Goal of the exercise: Take the entries that follow and write them out again, word for word.

*** Dataset records Section Begins ***

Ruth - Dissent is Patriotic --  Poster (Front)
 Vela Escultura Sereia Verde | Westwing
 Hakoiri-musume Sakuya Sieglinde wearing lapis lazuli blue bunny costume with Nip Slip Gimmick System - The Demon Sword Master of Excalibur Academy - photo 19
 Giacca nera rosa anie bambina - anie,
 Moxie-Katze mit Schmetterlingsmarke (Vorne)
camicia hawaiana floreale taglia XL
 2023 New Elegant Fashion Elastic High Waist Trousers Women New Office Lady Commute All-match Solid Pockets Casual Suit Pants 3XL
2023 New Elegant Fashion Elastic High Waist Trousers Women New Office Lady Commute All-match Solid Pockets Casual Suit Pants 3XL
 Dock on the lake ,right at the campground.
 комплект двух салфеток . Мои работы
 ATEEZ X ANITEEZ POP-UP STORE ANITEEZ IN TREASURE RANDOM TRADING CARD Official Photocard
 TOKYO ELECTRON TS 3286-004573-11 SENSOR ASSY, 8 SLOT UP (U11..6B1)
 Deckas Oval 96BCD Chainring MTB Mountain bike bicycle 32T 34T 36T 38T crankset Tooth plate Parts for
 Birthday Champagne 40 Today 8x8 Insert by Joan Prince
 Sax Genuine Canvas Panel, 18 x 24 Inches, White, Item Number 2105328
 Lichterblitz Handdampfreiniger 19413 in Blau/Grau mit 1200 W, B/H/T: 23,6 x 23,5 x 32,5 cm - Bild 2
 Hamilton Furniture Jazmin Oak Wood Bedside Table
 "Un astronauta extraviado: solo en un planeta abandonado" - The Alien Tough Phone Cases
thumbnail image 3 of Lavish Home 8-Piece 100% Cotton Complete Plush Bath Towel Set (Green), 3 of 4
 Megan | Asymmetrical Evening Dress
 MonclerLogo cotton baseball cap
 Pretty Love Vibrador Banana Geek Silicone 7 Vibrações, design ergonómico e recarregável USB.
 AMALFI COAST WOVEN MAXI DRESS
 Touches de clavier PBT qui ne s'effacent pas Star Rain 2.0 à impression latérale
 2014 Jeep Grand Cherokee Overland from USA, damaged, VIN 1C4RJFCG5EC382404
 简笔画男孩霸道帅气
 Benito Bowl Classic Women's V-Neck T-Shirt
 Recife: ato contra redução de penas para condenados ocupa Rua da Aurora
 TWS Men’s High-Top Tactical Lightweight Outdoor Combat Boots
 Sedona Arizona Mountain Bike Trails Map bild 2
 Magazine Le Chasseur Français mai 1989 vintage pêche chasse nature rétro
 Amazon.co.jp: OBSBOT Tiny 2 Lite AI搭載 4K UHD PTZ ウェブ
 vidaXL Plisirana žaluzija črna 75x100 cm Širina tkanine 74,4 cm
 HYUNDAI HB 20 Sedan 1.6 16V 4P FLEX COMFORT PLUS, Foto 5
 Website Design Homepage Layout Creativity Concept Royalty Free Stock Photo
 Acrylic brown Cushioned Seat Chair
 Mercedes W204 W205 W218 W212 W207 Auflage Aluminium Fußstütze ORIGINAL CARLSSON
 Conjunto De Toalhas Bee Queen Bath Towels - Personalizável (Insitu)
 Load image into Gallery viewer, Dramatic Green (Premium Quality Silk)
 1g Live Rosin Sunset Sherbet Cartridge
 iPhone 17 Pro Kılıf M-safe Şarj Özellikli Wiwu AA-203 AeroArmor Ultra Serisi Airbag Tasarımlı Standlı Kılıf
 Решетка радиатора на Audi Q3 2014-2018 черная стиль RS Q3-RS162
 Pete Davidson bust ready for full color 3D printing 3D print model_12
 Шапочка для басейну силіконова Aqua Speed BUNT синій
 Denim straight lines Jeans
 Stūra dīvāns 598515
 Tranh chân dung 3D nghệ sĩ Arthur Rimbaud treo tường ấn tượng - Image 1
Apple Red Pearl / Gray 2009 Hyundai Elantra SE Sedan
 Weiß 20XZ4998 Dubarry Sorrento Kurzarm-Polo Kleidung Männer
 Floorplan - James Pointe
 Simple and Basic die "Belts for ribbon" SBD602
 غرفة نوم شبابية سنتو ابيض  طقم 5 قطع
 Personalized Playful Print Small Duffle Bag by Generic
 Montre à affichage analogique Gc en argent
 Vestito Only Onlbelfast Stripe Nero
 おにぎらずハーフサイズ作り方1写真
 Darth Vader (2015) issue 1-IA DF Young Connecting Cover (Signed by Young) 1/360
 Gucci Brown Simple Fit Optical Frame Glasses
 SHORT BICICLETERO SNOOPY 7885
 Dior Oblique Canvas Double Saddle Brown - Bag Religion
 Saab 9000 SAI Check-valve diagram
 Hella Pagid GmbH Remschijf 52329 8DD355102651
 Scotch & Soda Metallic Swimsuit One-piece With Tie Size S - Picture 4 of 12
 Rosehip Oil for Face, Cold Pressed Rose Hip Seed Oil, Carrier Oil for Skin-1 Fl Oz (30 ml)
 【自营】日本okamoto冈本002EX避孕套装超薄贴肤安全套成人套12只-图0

*** Dataset records Section Ends ***

Answer space:
Ruth - Dissent is Patriotic --  Poster (Front)
 Vela Escultura Sereia Verde | Westwing
 Hakoiri-musume Sakuya Sieglinde wearing lapis lazuli blue bunny costume with Nip Slip Gimmick System - The Demon Sword Master of Excalibur Academy - photo 19
 Giacca nera rosa anie bambina - anie,
 Moxie-Katze mit Schmetterlingsmarke (Vorne)
camicia hawaiana floreale taglia XL
 2023 New Elegant Fashion Elastic High Waist Trousers Women New Office Lady Commute All-match Solid Pockets Casual Suit Pants 3XL
2023 New Elegant Fashion Elastic High Waist Trousers Women New Office Lady Commute All-match Solid Pockets Casual Suit Pants 3XL
 Dock on the lake ,right at the campground.
 комплект двух салфеток . Мои работы
 ATEEZ X ANITEEZ POP-UP STORE ANITEEZ IN TREASURE RANDOM TRADING CARD Official Photocard
 TOKYO ELECTRON TS 3286-004573-11 SENSOR ASSY, 8 SLOT UP (U11..6B1)
 Deckas Oval 96BCD Chainring MTB Mountain bike bicycle 32T 34T 36T 38T crankset Tooth plate Parts for
 Birthday Champagne 40 Today 8x8 Insert by Joan Prince
 Sax Genuine Canvas Panel, 18 x 24 Inches, White, Item Number 2105328
 Lichterblitz Handdampfreiniger 19413 in Blau/Grau mit 1200 W, B/H/T: 23,6 x 23,5 x 32,5 cm - Bild 2
 Hamilton Furniture Jazmin Oak Wood Bedside Table
 "Un astronauta extraviado: solo en un planeta abandonado" - The Alien Tough Phone Cases
thumbnail image 3 of Lavish Home 8-Piece 100% Cotton Complete Plush Bath Towel Set (Green), 3 of 4
 Megan | Asymmetrical Evening Dress
 MonclerLogo cotton baseball cap
 Pretty Love Vibrador Banana Geek Silicone 7 Vibrações, design ergonómico e recarregável USB.
 AMALFI COAST WOVEN MAXI DRESS
 Touches de clavier PBT qui ne s'effacent pas Star Rain 2.0 à impression latérale
 2014 Jeep Grand Cherokee Overland from USA, damaged, VIN 1C4RJFCG5EC382404
 简笔画男孩霸道帅气
 Benito Bowl Classic Women's V-Neck T-Shirt
 Recife: ato contra redução de penas para condenados ocupa Rua da Aurora
 TWS Men’s High-Top Tactical Lightweight Outdoor Combat Boots
 Sedona Arizona Mountain Bike Trails Map bild 2
 Magazine Le Chasseur Français mai 1989 vintage pêche chasse nature rétro
 Amazon.co.jp: OBSBOT Tiny 2 Lite AI搭載 4K UHD PTZ ウェブ
 vidaXL Plisirana žaluzija črna 75x100 cm Širina tkanine 74,4 cm
 HYUNDAI HB 20 Sedan 1.6 16V 4P FLEX COMFORT PLUS, Foto 5
 Website Design Homepage Layout Creativity Concept Royalty Free Stock Photo
 Acrylic brown Cushioned Seat Chair
 Mercedes W204 W205 W218 W212 W207 Auflage Aluminium Fußstütze ORIGINAL CARLSSON
 Conjunto De Toalhas Bee Queen Bath Towels - Personalizável (Insitu)
 Load image into Gallery viewer, Dramatic Green (Premium Quality Silk)
 1g Live Rosin Sunset Sherbet Cartridge
 iPhone 17 Pro Kılıf M-safe Şarj Özellikli Wiwu AA-203 AeroArmor Ultra Serisi Airbag Tasarımlı Standlı Kılıf
 Решетка радиатора на Audi Q3 2014-2018 черная стиль RS Q3-RS162
 Pete Davidson bust ready for full color 3D printing 3D print model_12
 Шапочка для басейну силіконова Aqua Speed BUNT синій
 Denim straight lines Jeans
 Stūra dīvāns 598515
 Tranh chân dung 3D nghệ sĩ Arthur Rimbaud treo tường ấn tượng - Image 1
Apple Red Pearl / Gray 2009 Hyundai Elantra SE Sedan
 Weiß 20XZ4998 Dubarry Sorrento Kurzarm-Polo Kleidung Männer
 Floorplan - James Pointe
 Simple and Basic die "Belts for ribbon" SBD602
 غرفة نوم شبابية سنتو ابيض  طقم 5 قطع
 Personalized Playful Print Small Duffle Bag by Generic
 Montre à affichage analogique Gc en argent
 Vestito Only Onlbelfast Stripe Nero
 おにぎらずハーフサイズ作り方1写真
 Darth Vader (2015) issue 1-IA DF Young Connecting Cover (Signed by Young) 1/360
 Gucci Brown Simple Fit Optical Frame Glasses
 SHORT BICICLETERO SNOOPY 7885
 Dior Oblique Canvas Double Saddle Brown - Bag Religion
 Saab 9000 SAI Check-valve diagram
 Hella Pagid GmbH Remschijf 52329 8DD355102651
 Scotch & Soda Metallic Swimsuit One-piece With Tie Size S - Picture 4 of 12
 Rosehip Oil for Face, Cold Pressed Rose Hip Seed Oil, Carrier Oil for Skin-1 Fl Oz (30 ml)
 【自营】日本okamoto冈本002EX避孕套装超薄贴肤安全套成人套12只-图0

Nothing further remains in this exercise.